→ Exercise description
For the entries below, print exactly the lines between the line holding "Pond Clear Water" and the line holding "Trix H0 62107", inclusive, and nothing else.

→ Extracted data
*** Begin section ***

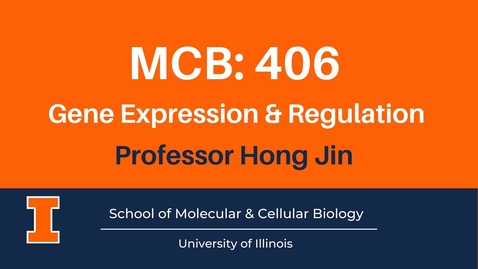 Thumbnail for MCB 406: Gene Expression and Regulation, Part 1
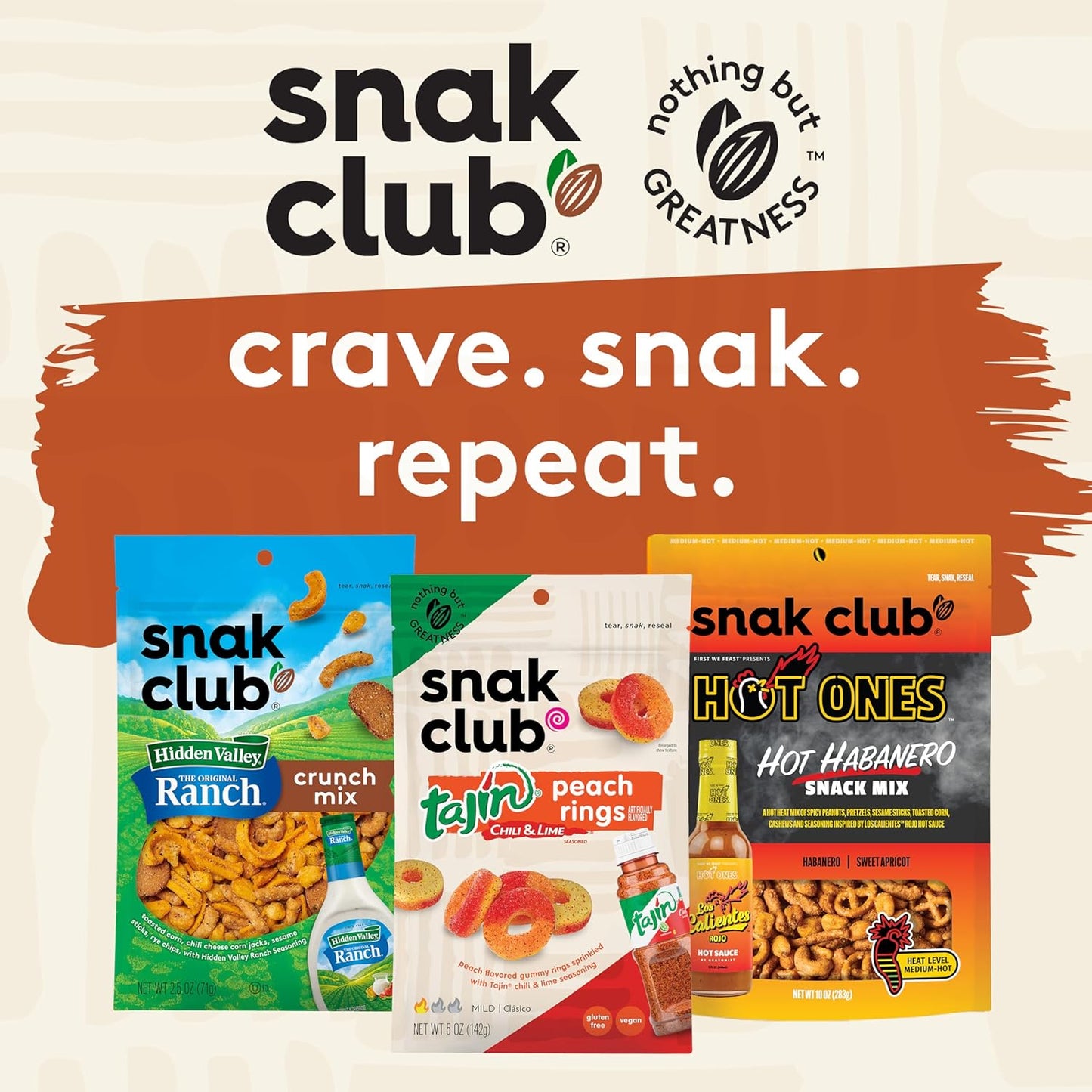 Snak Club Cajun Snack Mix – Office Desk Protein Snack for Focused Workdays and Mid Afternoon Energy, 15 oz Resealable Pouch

*** End section ***
*** Begin section ***

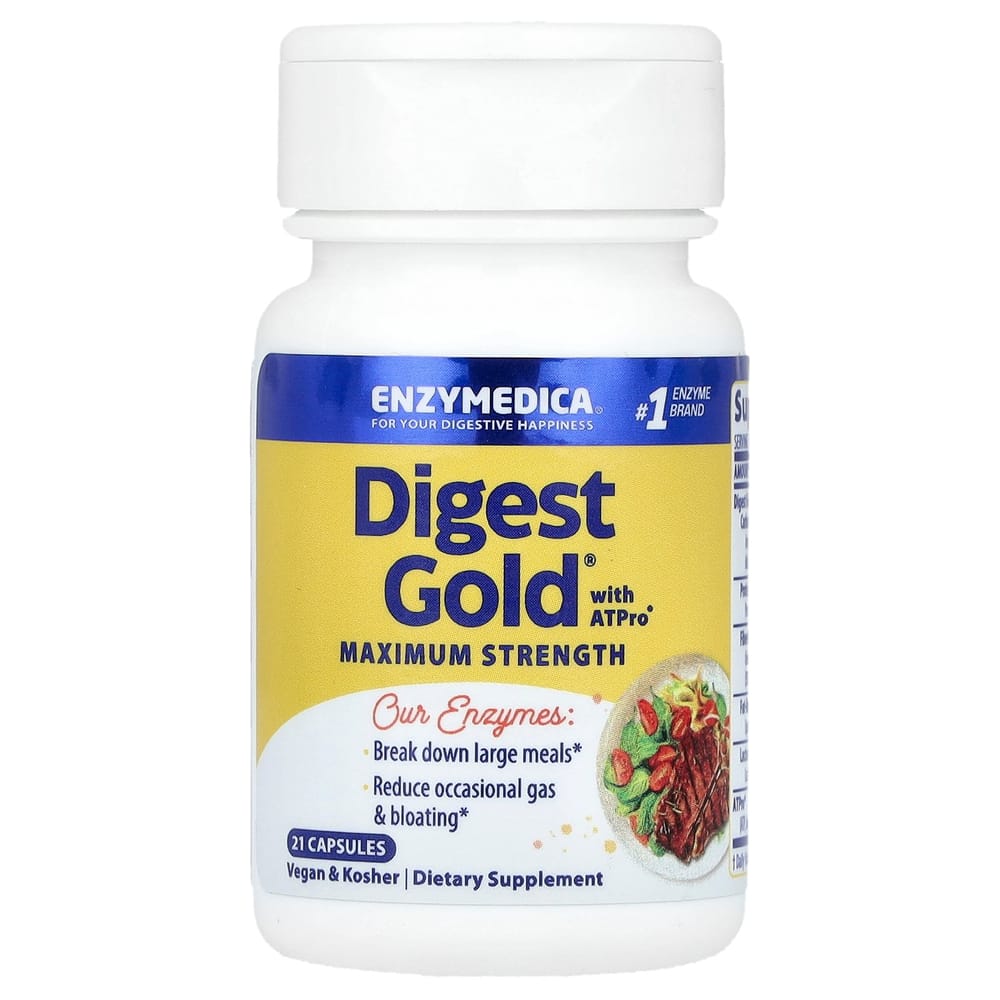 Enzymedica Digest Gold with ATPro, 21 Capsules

*** End section ***
*** Begin section ***

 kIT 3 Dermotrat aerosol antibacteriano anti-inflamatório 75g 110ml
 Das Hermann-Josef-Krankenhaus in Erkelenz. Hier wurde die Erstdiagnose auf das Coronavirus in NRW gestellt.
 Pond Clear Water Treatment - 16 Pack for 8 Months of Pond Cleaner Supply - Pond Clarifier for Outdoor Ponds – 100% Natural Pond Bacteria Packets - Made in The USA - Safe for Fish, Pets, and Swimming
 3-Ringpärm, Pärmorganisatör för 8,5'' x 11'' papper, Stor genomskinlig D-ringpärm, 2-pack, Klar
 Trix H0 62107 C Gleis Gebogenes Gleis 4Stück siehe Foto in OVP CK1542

*** End section ***

→ Exercise output
 Pond Clear Water Treatment - 16 Pack for 8 Months of Pond Cleaner Supply - Pond Clarifier for Outdoor Ponds – 100% Natural Pond Bacteria Packets - Made in The USA - Safe for Fish, Pets, and Swimming
 3-Ringpärm, Pärmorganisatör för 8,5'' x 11'' papper, Stor genomskinlig D-ringpärm, 2-pack, Klar
 Trix H0 62107 C Gleis Gebogenes Gleis 4Stück siehe Foto in OVP CK1542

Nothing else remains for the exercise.